Via Ross, I see that Quin Hillyer was worried about Huckabee on caucus night:
That’s why all year long I have warned people to watch Huckabee — because I knew he was a threat to win the nomination. But if he does, Susan Estrich is right: The Democrats will be dancing on inauguration night, because they will make mincemeat of this unethical, insubstantial, unconservative rube from Hope, Arkansas.
I share Mr. Hillyer’s distaste for Huckabee (though perhaps for some different reasons), but one of the reasons why Huckabee has surprised so many is that I think many of us who are observing the presidential campaign keep expecting substance, policy and reason to enter into the process. This seems more and more to be a terrible mistake, and it seems clear now that it was always foolish to expect that. Also, it is far from clear that an “unethical, insubstantial, unconservative rube from Hope, Arkansas” is such an obvious general election loser. The Republicans may lose this year if they nominate Huckabee, but they are likely to lose in any case. It is the very ephemeral and superficial quality of Huckabee’s campaign on the one hand, combined with the strong attachment different groups of activists have with him, that makes it more competitive and threatening to Democrats, who otherwise will have a monopoly on this kind of rhetoric in a year when voters are responding to it. Criticisms of his economics have tended to take his rhetoric about class and Wall Street seriously, when closer observation reveals that, yet again, there is nothing to what he is saying. His great “populist” appeal is, in the end, as real as Fred Thompson’s populism of driving around in a pickup truck–it is a series of symbolic cues whereby the candidate claims that he is “one of us” who intuitively “gets” what “we are going through.” His latest along these lines is to keep saying that he thinks Americans want a President who reminds them of the guy they work with, rather than the guy who laid them off. That’s a good line, especially if you’re running against a corporate CEO who was in the business of turning around failing companies partly by laying off employees, but it is also utterly ridiculous. If Americans do want that, Americans are fools, but then hardly anyone was ever defeated in an election underestimating the wisdom of the Amercan public.

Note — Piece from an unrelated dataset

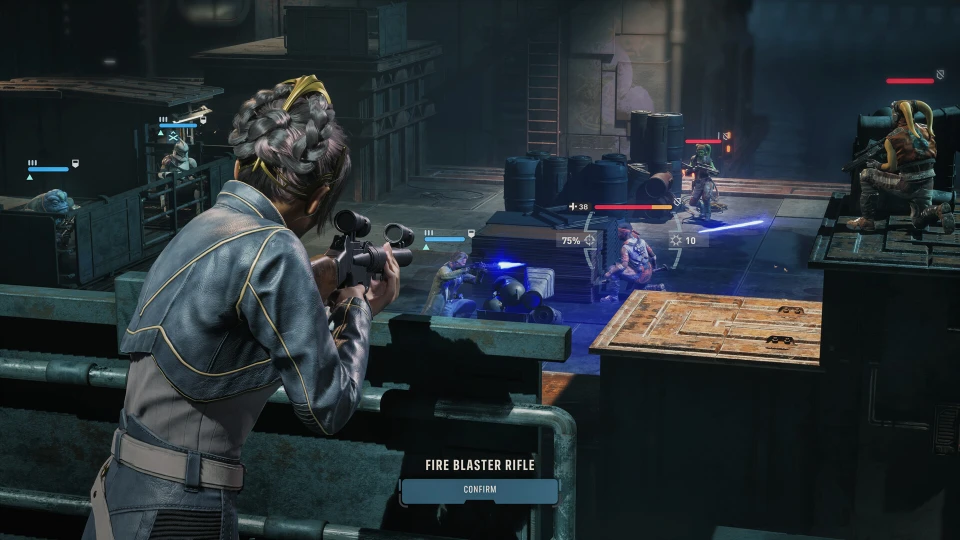 starwarszerocompanyscreenshot3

Where George Bush employed his religion to create a feeling of solidarity with evangelical and conservative voters, Huckabee throws in tales of his hardscrabble youth to show that he comes “from the people” and people seem to believe it. (The more I think about this, the more the entire Huckabee campaign reminds me of Gaius Baltar’s little manifesto against the “new aristocracy” in the third season of Battlestar Galactica, except that Huckabee’s rhetoric is far more vague.) Huckabee refers to “fair trade” in one breath and then praises NAFTA in the next, and laments the woes of the working man as he prepares to make said working man pay a 30% consumption tax on everything he buys. The man’s sheer lack of scruples and his ability to disarm Democratic critics by paying lip service to things they care about are, in fact, electoral gold. Everything that makes him so undesirable and objectionable to principled conservatives is the sort of thing that probably strengthens his standing with the general public.
Lack of substance has determined the leaders of the Republican field for the last twelve months. Fred Thompson may be a serious, thoughtful, well-informed, albeit languid, man, but herein lies his problem: when he was little more than a celebrity candidate who made amusing YouTube videos about Michael Moore, he was king of the world among conservatives who were desperate, in their utter sentimentalism, to find “a new Reagan,” and as soon as he became a proper candidate with policy proposals he ceased to inspire much enthusiasm. (Part of this was a result of his awful campaign style, but the pro-Thompson hysteria ended as all emotionally-driven fads must–in deep disappointment and the discovery of a new, more intriguing fad.) Rudy Giuliani is a deadly serious maniac whose foreign policy ideas would spell disaster for our country, but his preeminence in the field stemmed entirely from vague good feelings about him as a “strong leader” derived from memories of him on 9/11. Romney probably is the best qualified executive and manger in the field, but whatever substance the man has is so Protean in nature that no one knows what form he will take next. He lacks substance, but in a very different way from the rest–he pretends to have deeply held principles and ideas, yet has only had these profound convictions for the duration of his presidential campaign. The GOP field has been dominated by celebrity candidates all along, while the real candidates of substance, such as Duncan Hunter and, yes, Tommy Thompson (who was probably the best qualified of them all and therefore, naturally, among the first to drop out), have languished in total obscurity. The truly odd phenomenon of this election is the creation of a kind of celebrity out of Ron Paul, who has achieved star status primarily on account of his policy views. The same thing has prevailed on the Democratic side, where novelty (Obama) and familiarity/fame have determined the shape of their field since the beginning. The vastly more qualified and prepared candidates on their side (e.g., Biden, Dodd and, I suppose, even Richardson) have gone down to humiliating and ignominious defeat. We may very well complain about the current faddish leaders, but we need to understand that the election campaign has been driven by the media, both liberal and conservative, and focused on irrelevancies and absurdities since the beginning over a year ago.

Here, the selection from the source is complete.